As oxidative damage has been linked to ageing, this could explain how limiting calorie intake without malnutrition extends life span, say the researchers
The team studied 36 healthy overweight but non-obese young people. A third of them received 100 per cent of their energy requirements in their diet; the calorie restriction group had their calorie intake reduced by 25 per cent; and the calorie restriction plus exercise group had their calorie intake reduced by 12.5 per cent and their energy expenditure increased by 12.5 per cent.
The researchers found that a 25 per cent calorie deficit for six months decreased the overall calories burned by the body, which suggests improved function of mitochondria, the “batteries” in cells.
The researchers also examined the way genes winked on and off in the participants. In yeast, worms, and flies the activation of one particular gene, called Sir2, increases life span and regulates cellular metabolism. An important question is whether caloric restriction can regulate affect the human equivalent, called SIRT1.
Civitarese and colleagues found that fewer calories did indeed increase the use of SIRT1 in muscle, suggesting SIRT1 may contribute to more efficient metabolism, less oxidative stress, and increase longevity in humans too.
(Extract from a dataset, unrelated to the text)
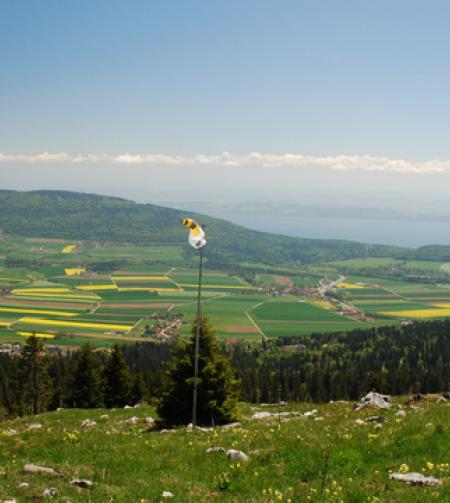 Neuchâtel landscape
Intriguingly, the protein is activated by a compound found in red wine, called resveratrol, which has been linked by earlier research with extended life span in yeast and in tiny worms called nematodes. Sirtuins are the subject of research around the world, said Dr Civitarese, because they offer the hope of extending lifespan and possibly suggesting treatments for metabolic diseases such as diabetes and neurological disorders such Alzheimer’s and Huntington’s diseases.
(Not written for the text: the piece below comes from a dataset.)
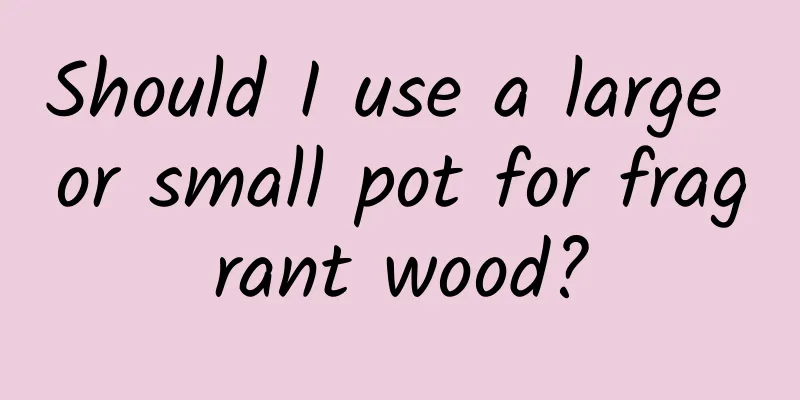 Should I use a large or small pot for fragrant wood?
Exercise and dieting to improve the function of mitochondria remain the first action that doctors recommend to diabetics but it now seems that resveratrol, acting via SIRT1, can also boost mitochondrial function too.
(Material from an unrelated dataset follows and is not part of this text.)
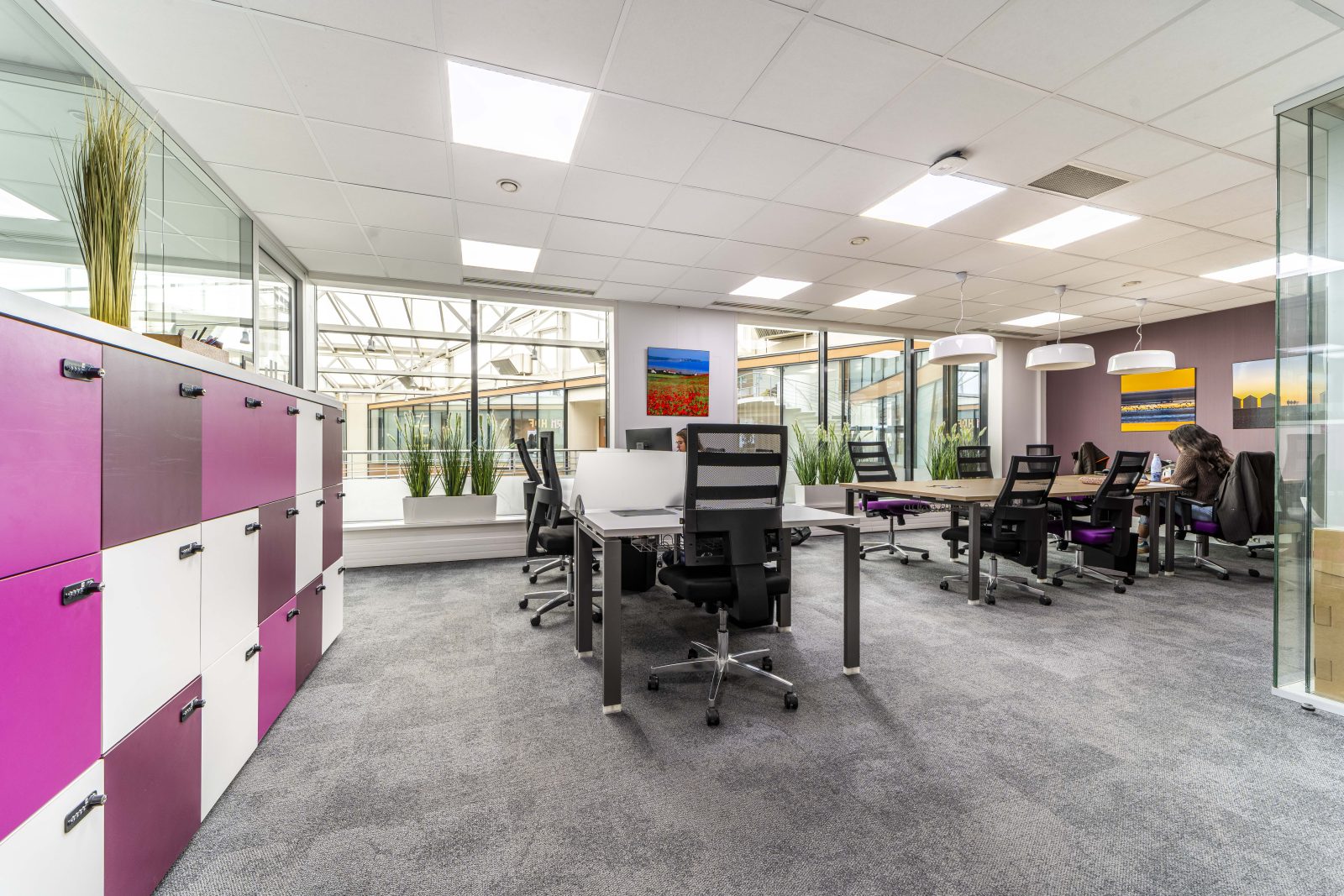 Mitwit Lille Flandres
Prof Johan Auwerx at the University Louis Pasteur in Strasbourg, with Sirtris Pharmaceuticals in Cambridge, Massachusetts, has shown in a study of 120 Finnish volunteers that a variant of SIRT1 is linked to accelerated metabolism.
Sirtris has finished two phase 1 human safety studies with SRT501, an improved formulation of resveratrol that is capable of producing levels in human volunteers comparable to those used in the animal studies – native resveratrol can not reach therapeutic levels- to do this, you would need to drink 100s of glasses of red wine or take 100s of pills of nutraceutical products — per day. Sirtris has now started a phase 1b study in 90 patients with diabetes with STT501.